Distillery: YAMAKAWA SHUZO
Region: Ryukyu Islands
Available in USA: No
Sango Sho Awamori is produced by Yamakawa Shuzo. It’s located near wherethe Minna river empties into the East China Sea, in the town of Motobu Okinawa. This bucolic setting is the reason why Sango Sho Awamori is named after the Japanese term for coral reef.

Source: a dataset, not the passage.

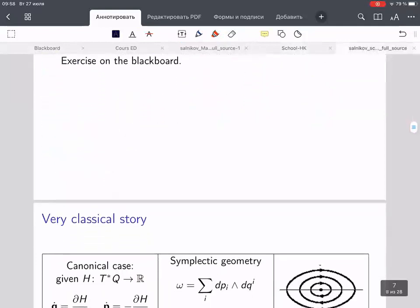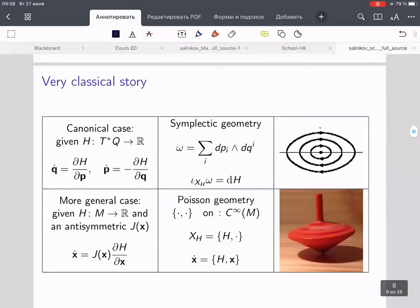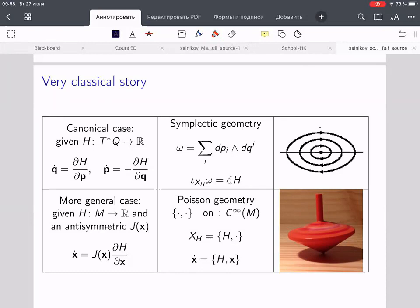Tomorrow we continue with this classical story, then move to numerical methods. Today was basically one slide's worth of material; tomorrow we'll have more geometric details and more numerical details. You can write me an email or contact me in the chat. Any questions so far? Okay, let me stop the recording.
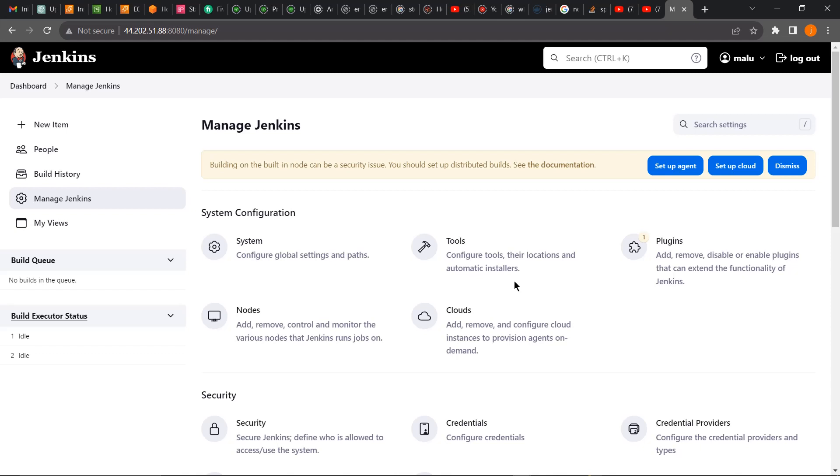In the next class we're going to see how we can install administrative tools like NPM and Docker on our Jenkins as well, and also plugins, how we can install additional plugins. So with that, it will bring us to the end of this class. Thank you for watching this video. Don't forget to like and subscribe to my channel.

Sango Sho Awamori is made using the classic ingredients of thai style long grain rice and black koji. Given this, it doesn’t venture far from classic awamori flavors. As Awamori goes, I would consider Sango Sho to be fairly smooth and easy to drink. This is due to it being aged 3 years. Normally aging for years can add additional nuances that are picked up from different types of wooden barrels. In this case Yamakawa chose to age Sango Sho in stainless steel, so the result is a relatively mild awamori. On Yamakawa Distillery’s website they describe Sango Sho as being ideal for people who are new to Awamori and popular with women in Japan. All this mildness being said, it should be realized that Sango Sho is 60 proof, which is significantly stronger than many types of shochu.
Sango Sho Awamori unfortunately seems to be unavailable in the United States. It seems to run about $19 in Japan. One thing to note, Yamakawa Distillery does offer tours of the their distilling house and they have many types of Awamori that have been aged far longer and far more premium than Sango Sho. I’ll deffinitely consider stopping here the next time I find myself in Okinanwa. Though a decent value at this price, given the 2 bottle limit to the number of bottles one can bring back from Japan on the airplane, there are probably other bottles more deserving of being in your top two. That said, if you are spending time in Japan, and are in the mood for Awamori, you could do far worse than Sango Sho Awamori.